As of March 31, 2012 and 2011, Cantor’s share of the net loss in Tower Bridge was $0.6 million and $0.1 million, respectively. Cantor’s noncontrolling interest is included as part of “Noncontrolling interest in subsidiaries” in the Company’s unaudited condensed consolidated statements of financial condition.

Clearing Agreement

The Company receives certain clearing services (“Clearing Services”) from Cantor pursuant to its clearing agreement (“Clearing Agreement”). These Clearing Services are provided in exchange for payment by the Company of third-party clearing costs and allocated costs. The costs associated with these payments are included as part of “Fees to related parties” in the Company’s consolidated statements of operations.

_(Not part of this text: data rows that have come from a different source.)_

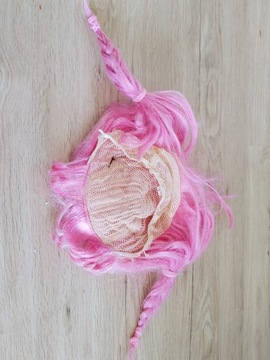 парик искусственные волосы косы розовая маскировка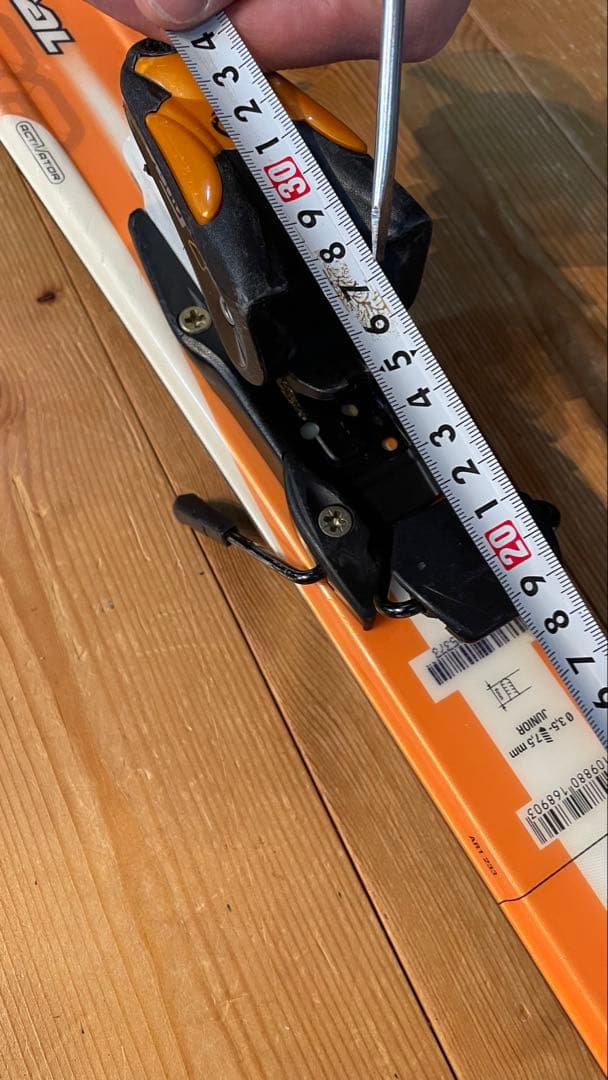 ロシニョールスキー板子供ジュニアkidsキッズ120cmセットストックオレンジ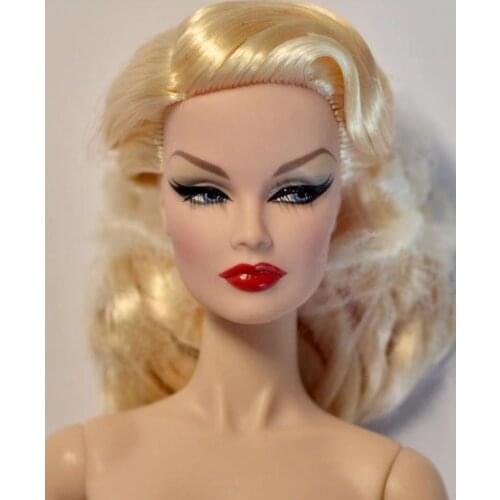 Original FR Doll Heads Superwhite Beige Brown Skin Rare Collection Doll Parts Chinese Brand Quality 5Color Super Model Doll Body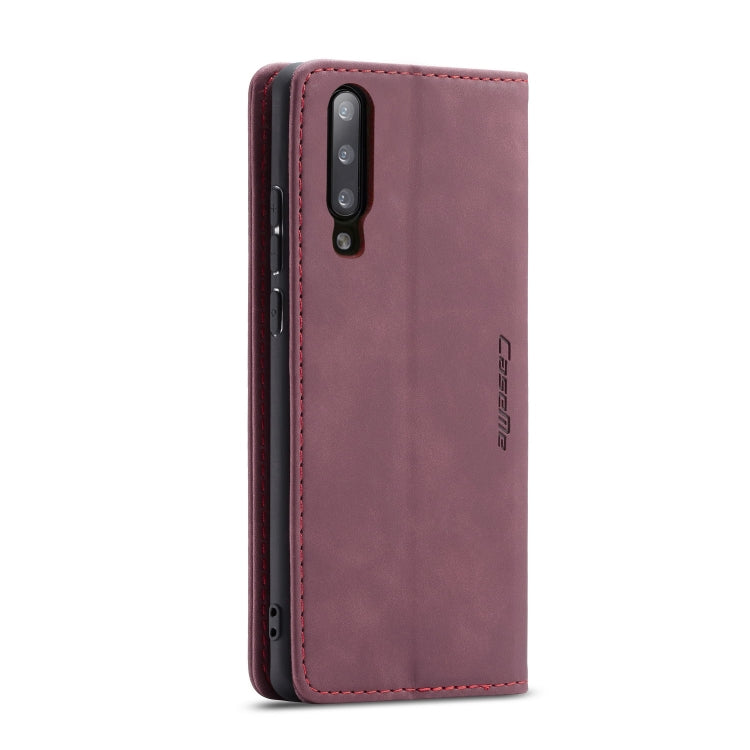 CaseMe-013 Multifunctional Horizontal Flip Leather Case with Card Slot & Holder for Xiaomi 9(Wine Red) - Xiaomi Cases by CaseMe | Online Shopping South Africa | PMC Jewellery | Buy Now Pay Later Mobicred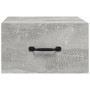 Wand-Nachttische 2 Stück betongraue Farbe 35x35x20 cm von vidaXL, Nachttische - Ref: Foro24-812861, Preis: 41,53 €, Rabatt: %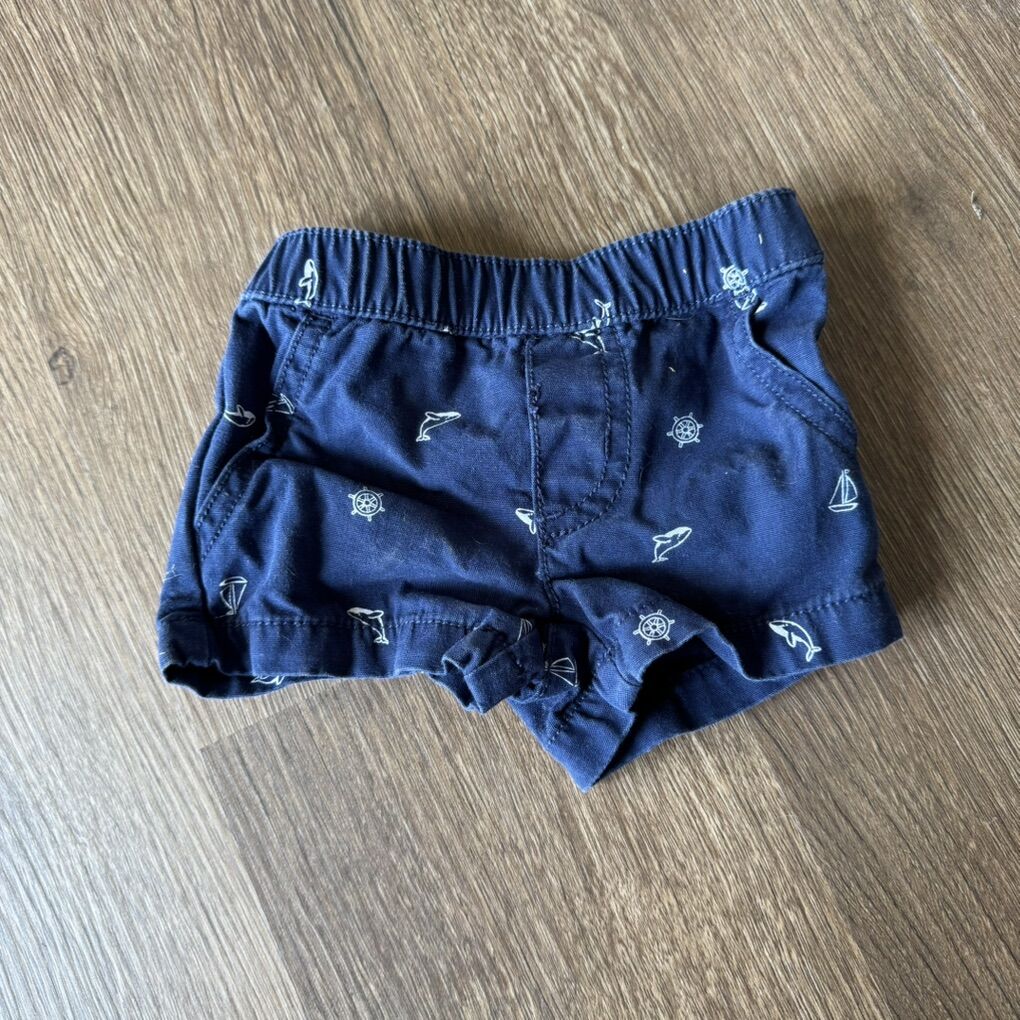Carter’s Baby Boy Newborn Shorts Whale Sail Boat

Receivables from and Payables to Related Broker-Dealers

Amounts due from or to Cantor and Freedom International Brokerage are for transactional revenues under a technology and services agreement with Freedom International Brokerage as well as open derivative contracts. These are included as part of “Receivables from broker-dealers, clearing organizations, customers and related broker-dealers” or “Payables to broker-dealers, clearing organizations, customers and related broker-dealers” in the Company’s unaudited condensed consolidated statements of financial condition. As of March 31, 2012 and December 31, 2011, the Company had receivables from Cantor and Freedom International Brokerage of $3.3 million and $3.7 million, respectively. As of March 31, 2012 and December 31, 2011, the Company had $0.5 million and $0.3 million, respectively, payable to Cantor related to open derivative contracts.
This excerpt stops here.